The Chow Chow is a square breed. The long hair has an abundant coat of rough and straight hair. 
The Chow Chow has many unique traits: its frown expression, a large head with a wide and flat skull, and wide, deep muzzle, accented by a profuse collar, its bluish black tongue, and pompous. The correct Chow Chow is square built, not longer than tall, and the hindquarters, not angulated, with the hocks and metatarsus directly under the hip joint, which is produces the breed’s typical movement, with little amplitude. Two varieties of Chow are acknowledged, long haired and short haired, both with undercoat; hair quality and texture is more important than its length. The long hair is abundant, straight and standing, relatively rough to the touch; short hair is harder and thicker, without a collar or bristles. The Chow’s head is large compared to the body and with a proud stance, although it never should give it a disproportionate appearance; the skin does not appear too loose. The ears should be small, triangular, and somewhat thick, with a rounded tip, erect and sloped forward, slightly convergent. (Dropping ears disqualify). The nose should be large and black; the tongue should be a single color, bluish black; a spotted nose or in another color that is not black (except for the blue Chow) as well as a pink or spotted tongue, disqualify. Unicolor coat, which can be red colored (from light gold to dark chestnut), black, blue, cinnamon (light fawn to cinnamon), white and cream. The adult Chow stands between 43 and 50 cm to the withers. It is well proportioned, medium size, with heavy bone structure and musculature; too heavy specimens, too fine or light boned are not desirables.

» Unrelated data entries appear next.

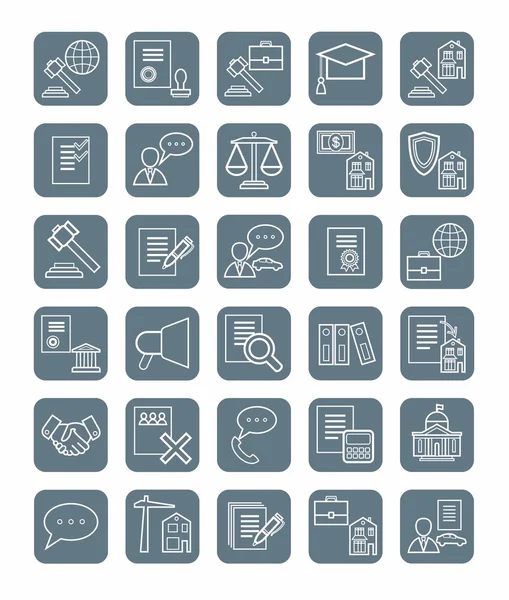 Yasal simgeler, doğrusal, gri, tek renkli.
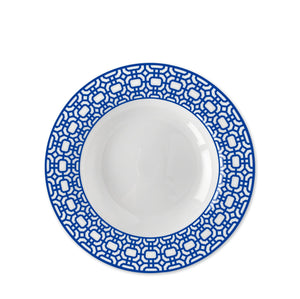 Newport Rimmed Soup Bowl Overhead from Caskata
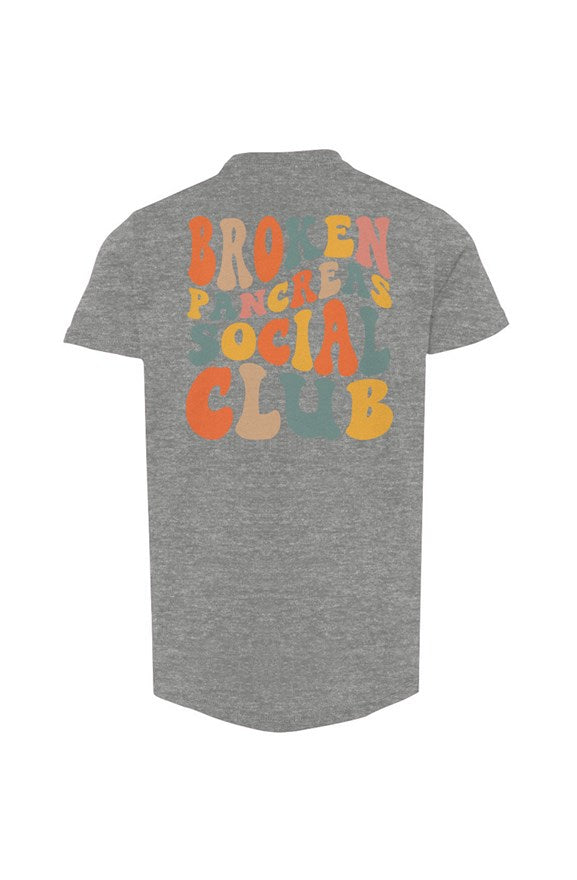 Broken Pancreas Social Club Youth Tee - Multicolored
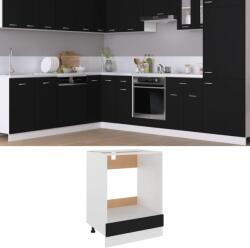 vidaXL Lyon fekete szerelt fa sütőszekrény 60 x 46 x 81, 5 cm (802498)
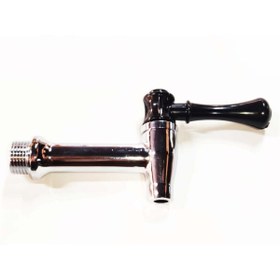 Resim Genel Markalar 1/2 arka diş çevirmeli göstergesiz kahveci teflonlu metal musluk 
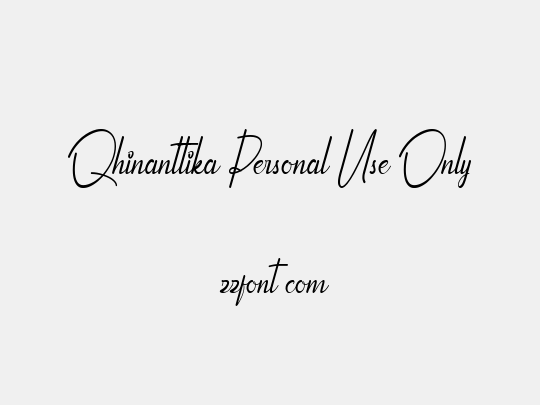 Qhinanttika Personal Use Only
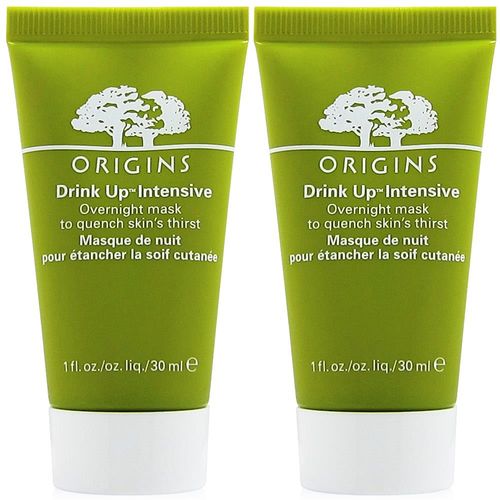 ORIGINS品木宣言 一飲而盡深度滋潤面膜30mlx2入組+化妝棉90片(綠)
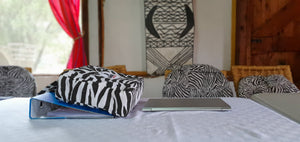 Zebra laptop bag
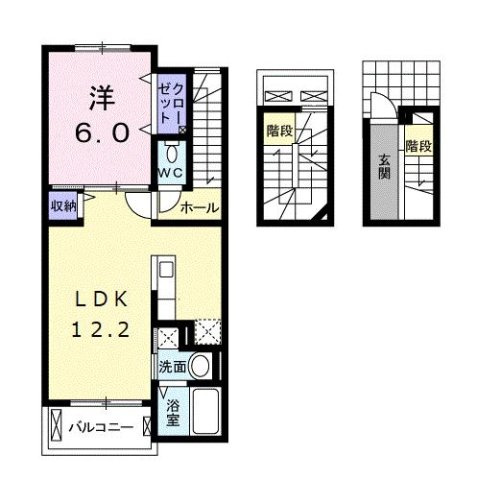 ルストパラディⅠの間取り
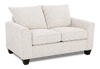 Made in Canada Customizable Sofa Lab Arc 63\" Fabric Loveseat – Teddy Riverrock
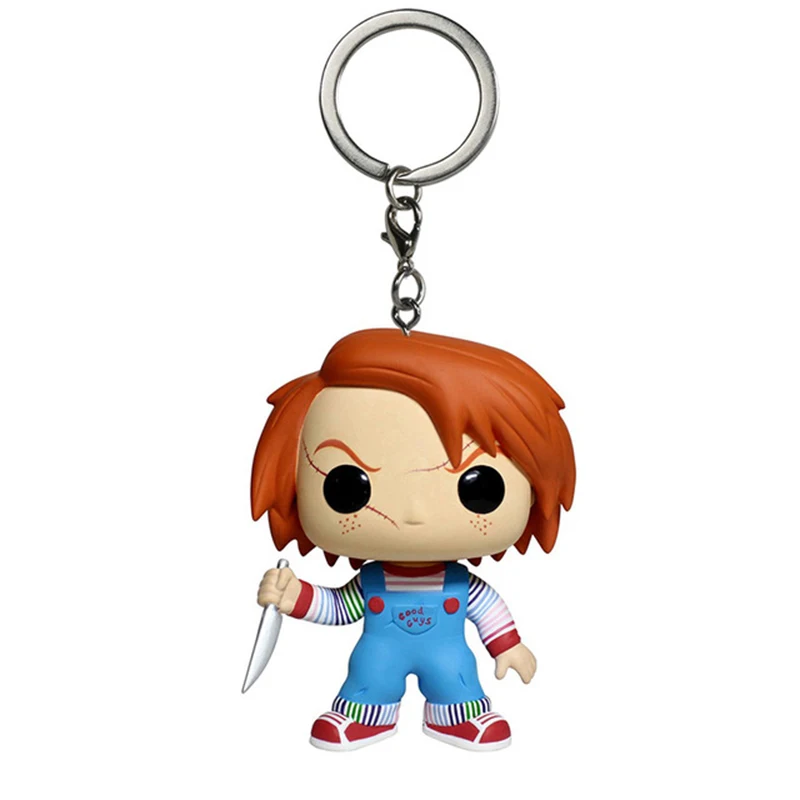POP фильм ужасов ребенка играть Чаки брелок модели игрушка на кольцо для ключей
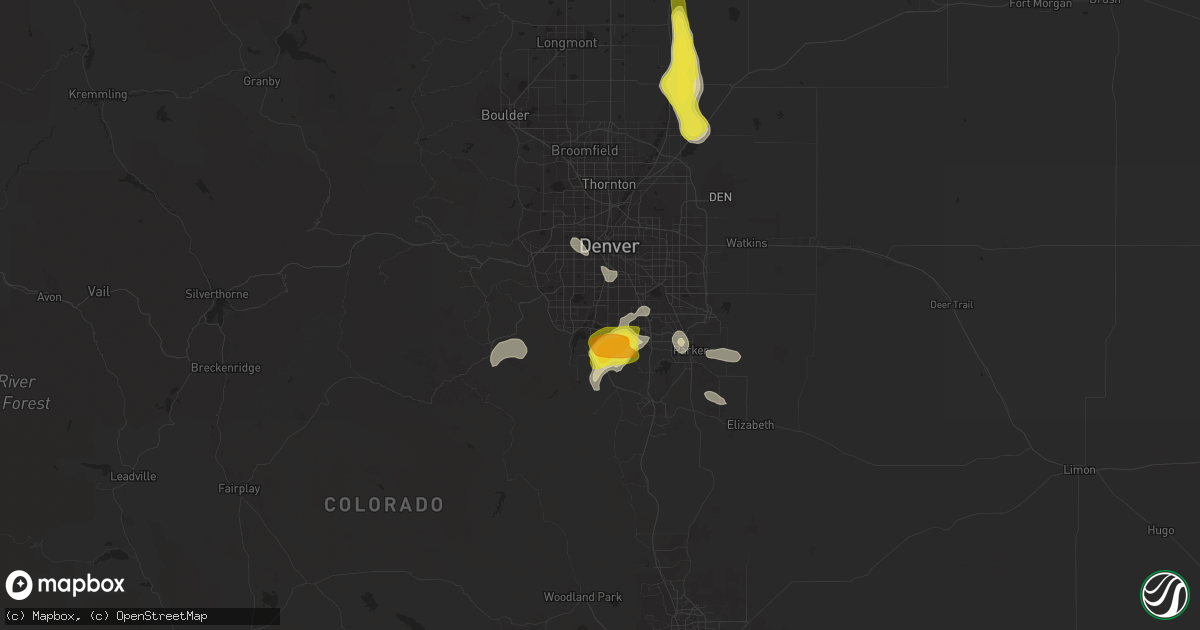 Hail map in Littleton, CO on June 6, 2016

The formerly rigid Chow Chow has no relation to the currently sociable and affectionate Chow. Many breeders have been successful in convincing the Chow that people are reliable and well intentioned. We are convinced that the ill tempered Chow is practically never a product of genetics, but a victim of education lack and socialization. The breed was famous for being stubborn and reserved impenetrably. Nowadays many Chows are docile and affectionate, always keeping their dignity. However, it is not a puppy face companion, it is still dominating and somewhat stubborn. Despite its lion head, educating a Chow does not require a whip and a chair, but simply a convincing tone of voice and, yes, leonine patience. The Chow has many splendid traits and is a precious animal, although not a dog for everyone. The puppy should be socialized, i.e. it should have contact with as many strangers and new environments as possible. Socialization should begin early. The adolescent Chow Chow, if not properly socialized, can become quite stubborn and unmanageable. Independent by nature, the young Chow will want to do things as it pleases. Perhaps what takes the owner the most time is caring for its hair, especially when the adult hair begins to grow. In this phase it should be brushed and bathed often to make that growth easy. 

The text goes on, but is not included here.